My job is to do research in Deep Learning and I have dozens of different
experiments. Testing one hypothesis usually required several runs over
parameter grid. Plotting and visualizing results is often ad-hoc and
updating code producing output is a kind of overhead. Instead I decided
to collect all results in Jupyter notebook and create plots kind of
interest ~ parameters. As I said, plotting that is a separate task
almost every time. Such tools as
ModelDB <https://github.com/mitdbg/modeldb>__ provide you with simple
visualizations so that they can be easily aggregated for model
comparison. Testing a hypothesis is not about model comparison and thus
requires special treatment.
Visualizing results became a kind of pain, you had to remember a mapping
parameters -> results, separating results into different folders
made even more mess. I had really bad experience in visualizations. I
got that all I need was to iterate over folder with results and apply
the same function to it.
Installation
.. code:: bash
pip install -U git+https://github.com/ferrine/exman.git#egg=exman
# or
pip install exman
Simple Start
Simple drop in replacement of standard argparse.ArgumentParser
.. code:: python
#file: main.py
import exman
# you should always use `exman.simpleroot(__file__)` unless you want another dir
parser = exman.ExParser(root=exman.simpleroot(__file__)) # `root = ./exman` relative to the main file
parser.add_argument(...)
You then just add arguments as you did before without any change.
Best Practices
Error Handling in main
Since 0.0.3 you can use the following context manager.

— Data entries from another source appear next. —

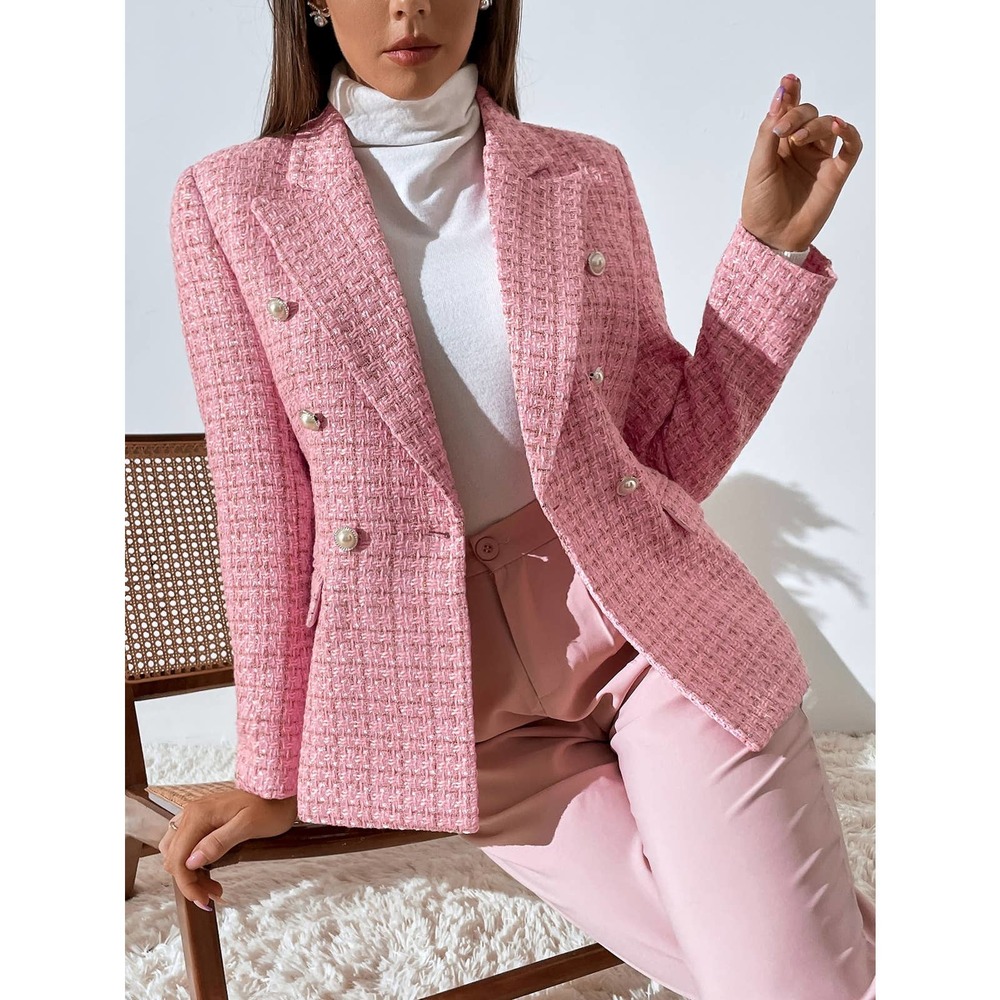 business plazacore tweed Plaid Print Double Breasted Blazer jacket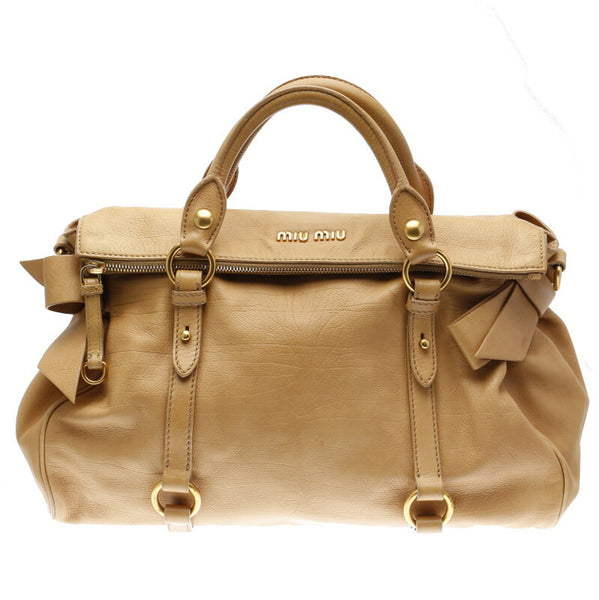 ミュウミュウ ベージュ レザー ハンドバッグ ショルダーバッグ 2WAY レディース MIUMIU 中古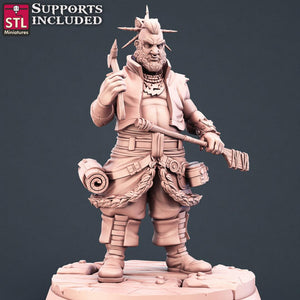 3D Printed STL Miniatures Tattoo Artist Set 28 - 32mm War Gaming D&D - Charming Terrain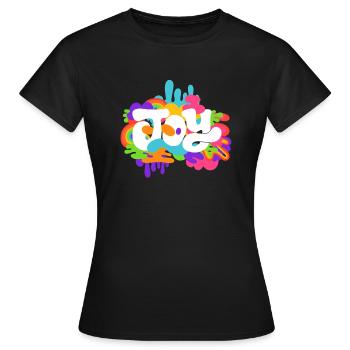 Tee-shirt joie amusement fou et joie - T-shirt Femme - noir - Devant - AI Model Female 172 dark (172cm)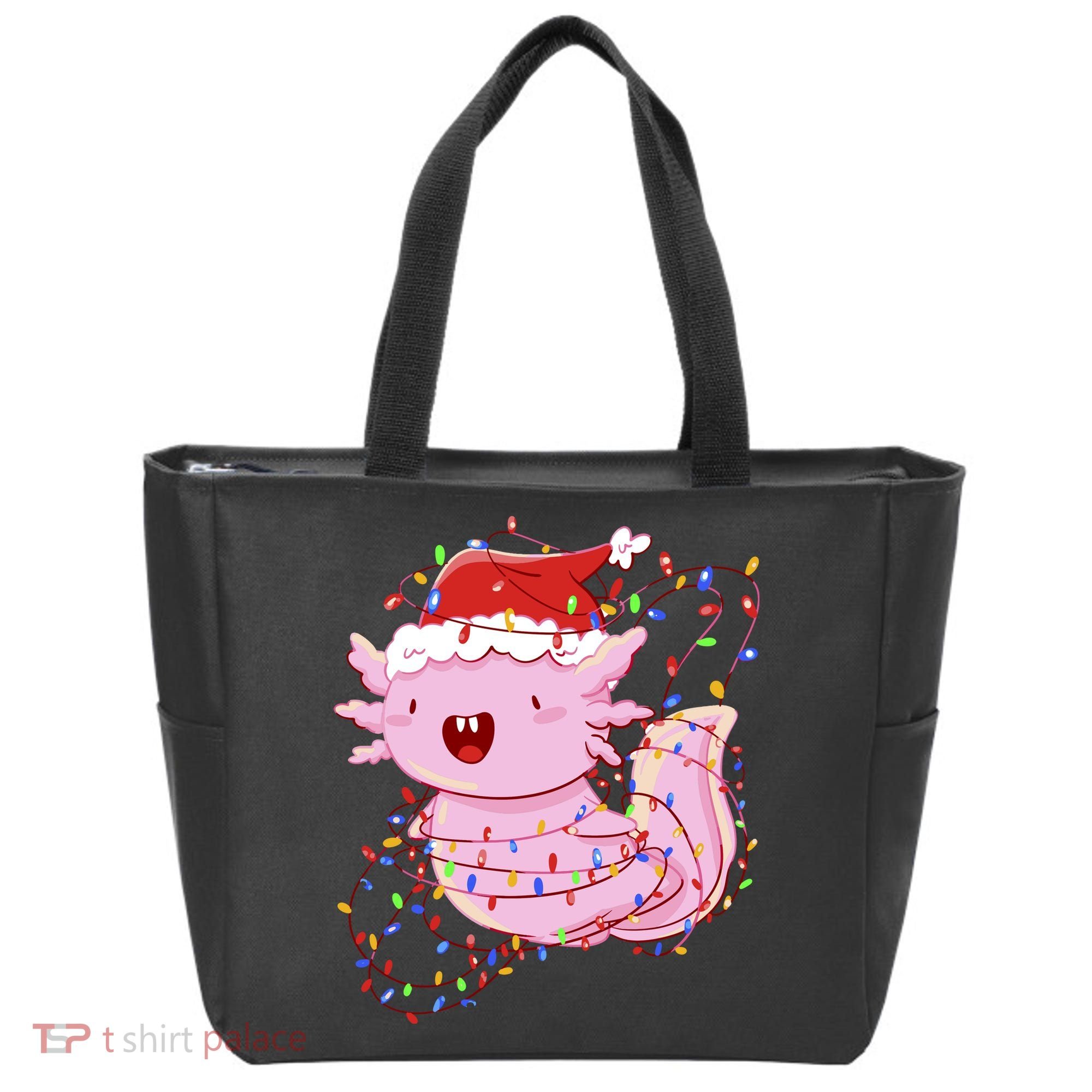 Cute Axolotl Tangled In Christmas Lights Santa Hat Tote Bag
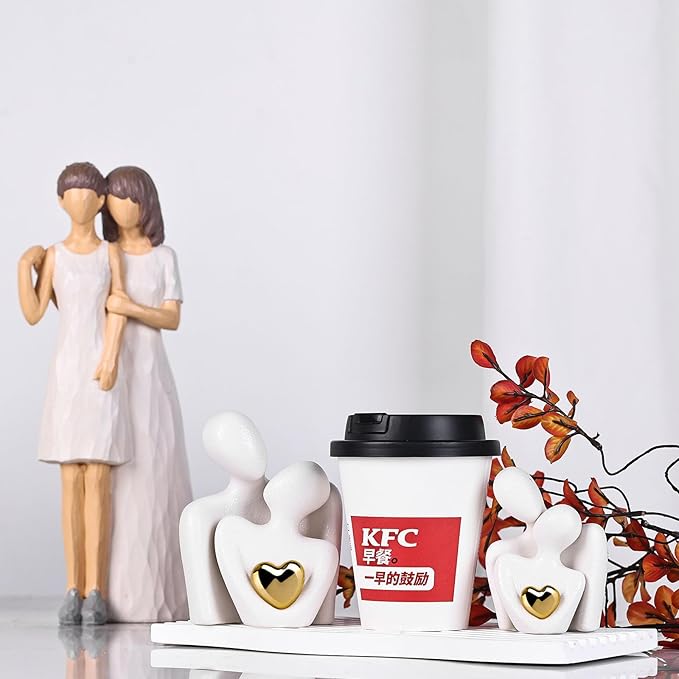 XMGZQ Mini Couple Statue Tv Stand Decor Items for Living Room Home Decor,Bedroom Decor for Couples Sculpture for Anniversary Wedding,Love Gifts for Couples 2025,Knick Knacks for Shelves-Ruum Studio Home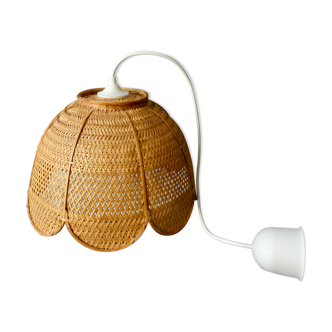 Hanging lamp in woven wicker 70s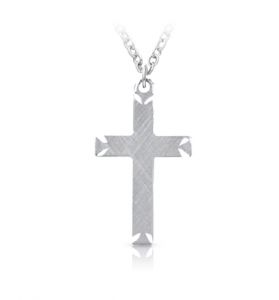 Sterling Silver Engraved Ends Cross Necklace - 1"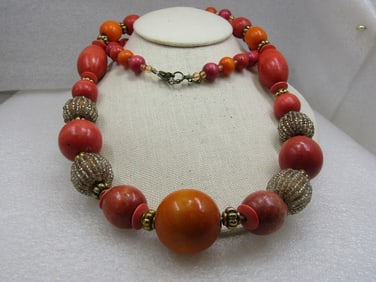 Vintage Orange, Gold, Clear Beaded Necklace, 36", 1980's
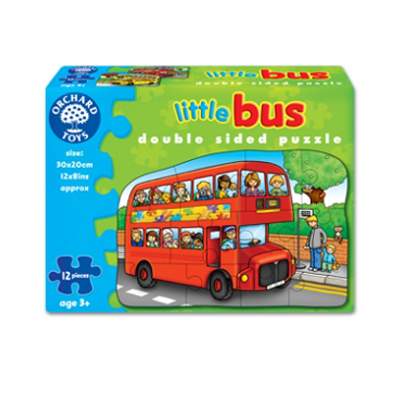 Puzzle cu 2 fete Little Bus, +3 ani, 12 piese, Orchard Toys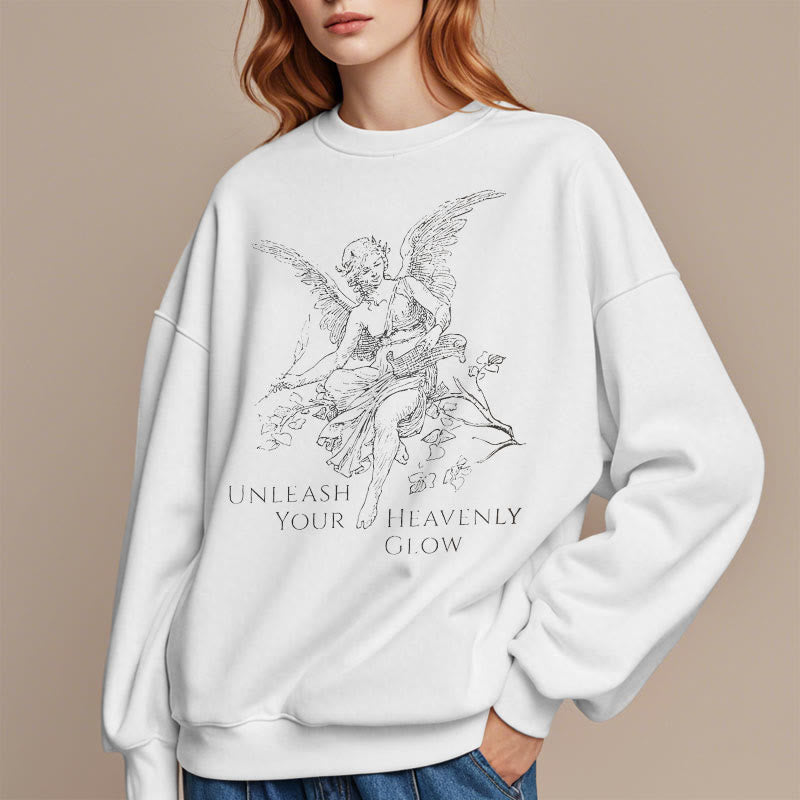 Christianartworkshop Classic Style Angel Unleash Your Heavenly Glow Fleece Lined Polyester Sweatshirt - image 10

If ``main()``
function fails it will be moved to ``exman/fails``
.. code:: python
import exman
# you should always use `exman.simpleroot(__file__)` unless you want another dir
parser = exman.ExParser(root=exman.simpleroot(__file__)) # `root = ./exman` relative to the main file
parser.add_argument(...)
...
if __name__ == '__main__':
args = parser.parse_args()
with args.safe_experiment:
# do your stuff
main(args)
Keep Your Repository Clean
To avoid non reproducible results you can ensure you have commited all changes. Exman will take care and will log
hash for the commit and diff if any. To use these features you should hint the parser with the repo.
.. code:: python
import exman
parser = exman.ExParser(root=exman.simpleroot(__file__), git=True)
# less fragile solution, but works only locally
parser = exman.ExParser(root=exman.simpleroot(__file__), git="/abs/path/to/repo")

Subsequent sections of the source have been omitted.